Myrtle is offended very easily, at least initially. Any reminder that she is dead will send her off in gouts of tears. When Tom Riddle's diary was thrown into the commode where she happened to be invisibly resting, and it happened to fall through her, this enraged her to the point that she caused all the toilets and taps to effectively erupt, sending water all through her bathroom and out into the hall. It is in part this hypersensitivity that has left her with the name Moaning Myrtle, because in fact that does seem to be what she does most of the time.

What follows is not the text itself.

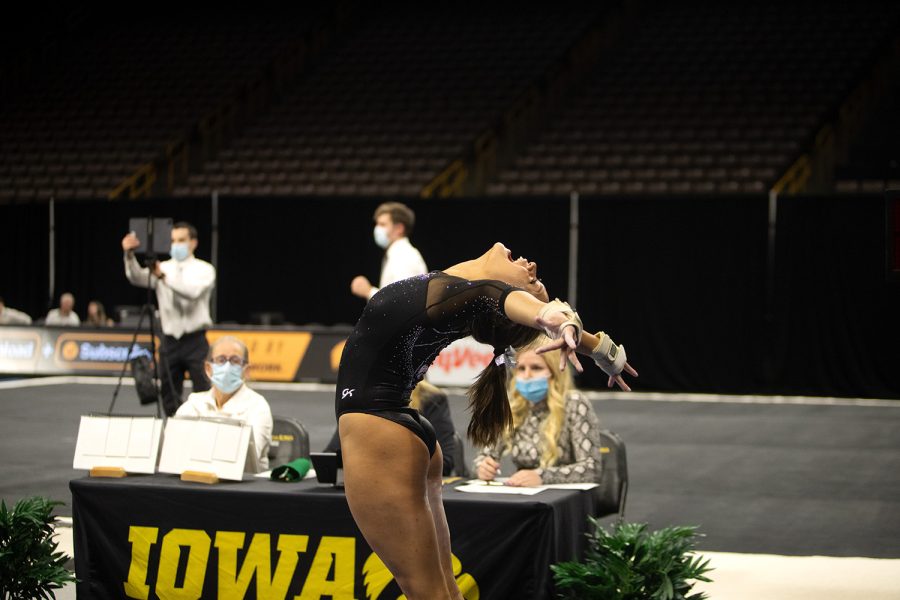 Iowa sophomore Adeline Kenlin celebrates after she finishes the vault during a gymnastics meet between Iowa and Texas Women’s University at Carver-Hawkeye Arena on Friday, Jan. 14, 2022. The Hawkeyes defeated Texas Women’s Pioneers, 196.125-189.300. Kenlin finished the night with 38.800 points in her all-around.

Relationships with Other CharactersEdit
When Harry returns from the Chamber of Secrets, she suggests that if he had died down there, Harry would have been welcome to share her bathroom. Additionally, she helps him a couple of times before and during the Second Task of the Triwizard Tournament. This would seem to indicate that she has a little bit of a crush on Harry. However, when Ron and Harry use a bathroom to hide from Lavender Brown in Harry Potter and the Half-Blood Prince, Myrtle seems disappointed to see them, which would indicate that any romantic interest she has in Harry has been replaced by an interest in another boy, who turns out to be Draco Malfoy.

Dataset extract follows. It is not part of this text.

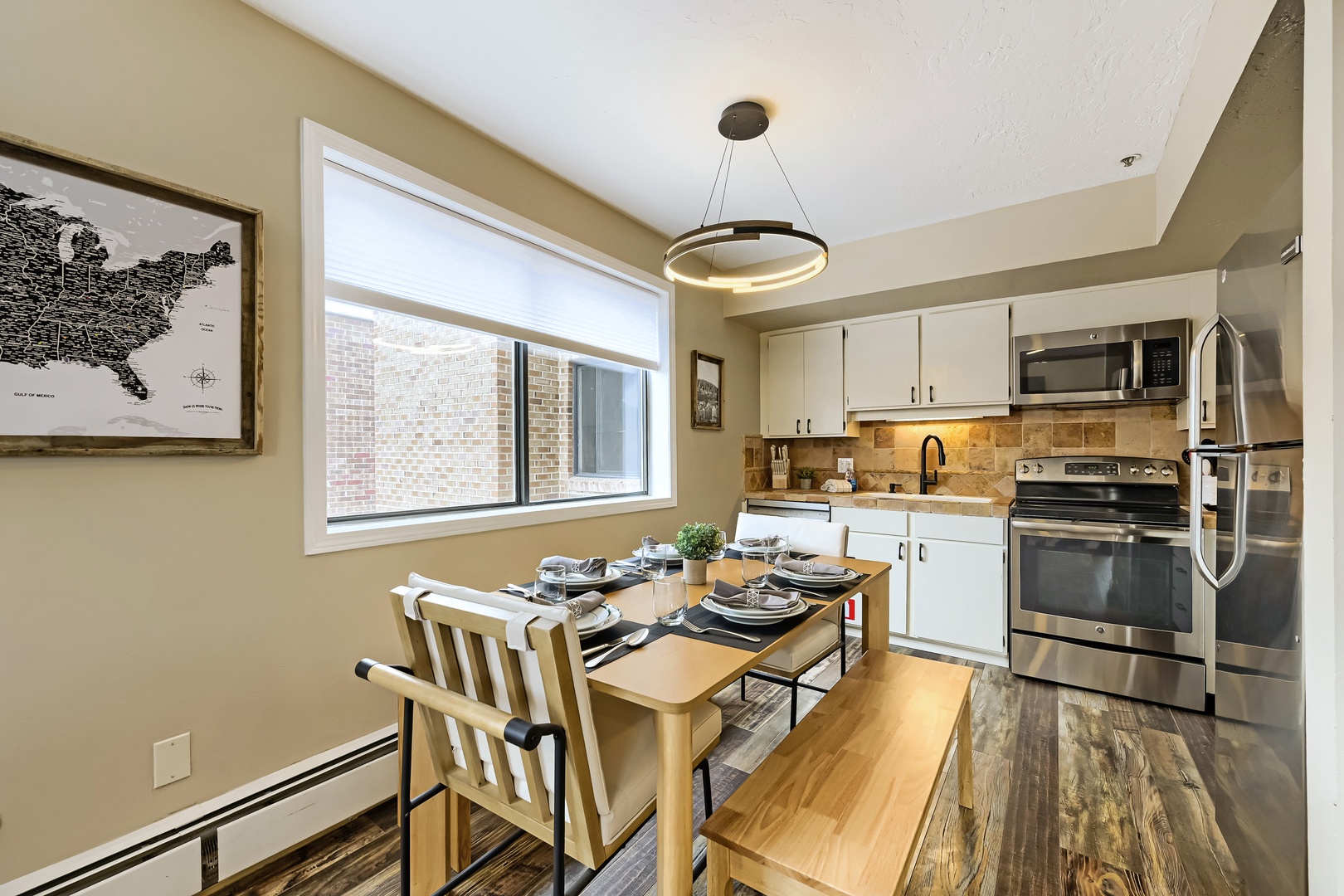 Picture yourself preparing a home-cooked meal in this fully equipped kitchen and dining for four at the cozy table. Modern appliances and warm lighting set the tone for your stay.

Most unusually for a ghost, it seems Myrtle does have some control over physical matter; apparently her haunting of the bathroom has rendered it unusable, mainly because she keeps flooding the place when she gets depressed. This is useful to the story in Harry Potter and the Chamber of Secrets in two respects: Mrs. Norris is Petrified (in the chapter The Deathday Party), rather than being killed, because she sees the reflection of the Basilisk rather than seeing the Basilisk directly. The image is reflected in the water that Myrtle has caused to flood out of the bathroom because she was so upset at the insults lobbed at her by Peeves at Nearly Headless Nick's Deathday party. Additionally, it is Myrtle's unwelcoming presence in the washroom that allows Hermione the time and space to make Polyjuice Potion; nobody willingly goes in there more than once, after being subjected to Myrtle's aggressive depression.

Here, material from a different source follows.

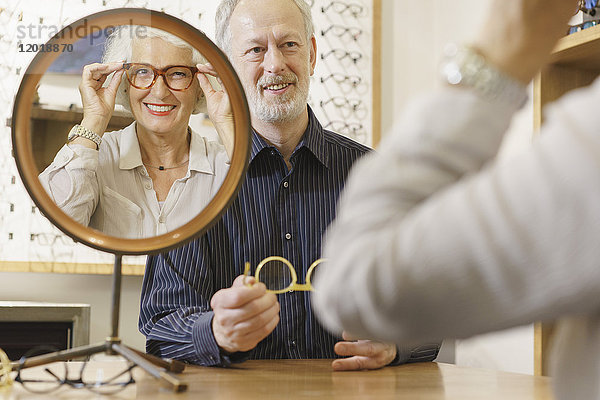Optikerin unterstützt lächelnde Frau bei der Brillenauswahl im Geschäft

Myrtle's affinity for water also allows her to help Harry with the Second Task in Harry Potter and the Goblet of Fire; as the second task involves the Merpeople under the lake, Myrtle is instrumental in allowing Harry to solve the riddle surrounding the task, and also points him in the right direction when he is looking for the Merpeople during the task proper. Myrtle says that she sometimes ends up in the lake when someone flushes a toilet in her bathroom and she's not expecting it, which may lead us to wonder about Wizarding sanitation practices.
As mentioned, Myrtle is always sad and is apparently still hypersensitive about death. It is true that she had died only fifty years before our story opens, and so could have expected, in the normal run of affairs, to still be alive; it is possible that a ghost will be especially sensitive to thoughts of death until they reach an age at which they would have died normally. As far as her perpetual sadness goes, we must remember that at the time she died, she had been driven to tears by the cruelty of another girl and was hiding in the washroom. From what Nearly Headless Nick tells us in Harry Potter and the Order of the Phoenix regarding ghostly existence, it is entirely possible that Myrtle is sad as a ghost purely because she was so sad when she died.